Lo que sucede en el Cauca es producto de esa improvisación y de la irresponsabilidad con que se maneja el Estado. Desde los escritorios de la capital se juega con las regiones y se sigue incubando un problema de grandes proporciones que emerge periódicamente y que seguirá, in crescendo, hasta cuando estalle violentamente como ya ocurrió en Perú.

El decreto 1953 del 2014, firmado por Santos y sus ministros, al calor de unos vasos de chicha, para cumplir promesas electorales, otorga autonomía, casi total, a las comunidades indígenas,  elimina, en la práctica, la jurisdicción de alcaldes y gobernadores y fortalece la creación de una jurisdicción especial. No se si leyeron, antes de firmar, pero la ligereza de los gobernantes, en esta materia, sigue alimentando las tensiones de comunidades indígenas, afros y campesinas que tienen aspiraciones similares, particularmente en el tema de tenencia de la tierra.

 Solamente la juiciosa formulación de un plan de reordenamiento institucional y jurídico, de orden constitucional, que involucre a todos los actores sociales, podría  recomponer el galimatías generado por la firma de pactos, para apagar incendios, en la carretera Panamericana.  

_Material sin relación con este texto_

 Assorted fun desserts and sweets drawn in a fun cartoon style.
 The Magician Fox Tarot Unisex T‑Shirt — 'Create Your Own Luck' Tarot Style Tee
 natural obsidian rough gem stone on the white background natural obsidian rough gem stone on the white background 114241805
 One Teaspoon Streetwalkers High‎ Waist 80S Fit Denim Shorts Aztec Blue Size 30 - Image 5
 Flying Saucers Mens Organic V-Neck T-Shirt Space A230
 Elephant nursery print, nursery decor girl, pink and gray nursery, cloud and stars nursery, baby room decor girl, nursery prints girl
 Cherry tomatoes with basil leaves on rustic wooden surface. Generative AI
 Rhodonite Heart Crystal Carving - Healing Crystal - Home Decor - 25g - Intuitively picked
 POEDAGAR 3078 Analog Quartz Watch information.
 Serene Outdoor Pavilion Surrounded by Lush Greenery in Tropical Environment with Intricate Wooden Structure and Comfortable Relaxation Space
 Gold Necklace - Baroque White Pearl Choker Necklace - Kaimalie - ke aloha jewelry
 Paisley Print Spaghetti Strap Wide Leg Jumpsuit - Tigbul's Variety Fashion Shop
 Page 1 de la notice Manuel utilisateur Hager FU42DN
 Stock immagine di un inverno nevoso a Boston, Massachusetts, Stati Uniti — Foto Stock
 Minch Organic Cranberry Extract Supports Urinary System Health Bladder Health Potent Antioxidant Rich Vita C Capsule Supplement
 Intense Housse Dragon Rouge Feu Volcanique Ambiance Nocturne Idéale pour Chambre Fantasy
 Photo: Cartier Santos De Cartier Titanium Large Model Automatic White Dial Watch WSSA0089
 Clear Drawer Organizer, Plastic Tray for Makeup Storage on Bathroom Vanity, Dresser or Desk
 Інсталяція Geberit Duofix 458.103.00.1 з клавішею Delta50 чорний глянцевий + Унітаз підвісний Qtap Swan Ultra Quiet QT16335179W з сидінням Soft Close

Los sucesos del Cauca deben servir para que quienes negocian en La Habana tengan claro que, en aras del Nobel de Paz, no se puede arriesgar la integridad nacional creando ínsulas o manteniendo las que, por incapacidad del Estado, se han generado por décadas. La oportunidad es única para hacer la paz y fortalecer la unidad nacional, siempre y cuando prime la sensatez y desaparezca la prisa que, en asuntos de Estado, produce pésimos resultados.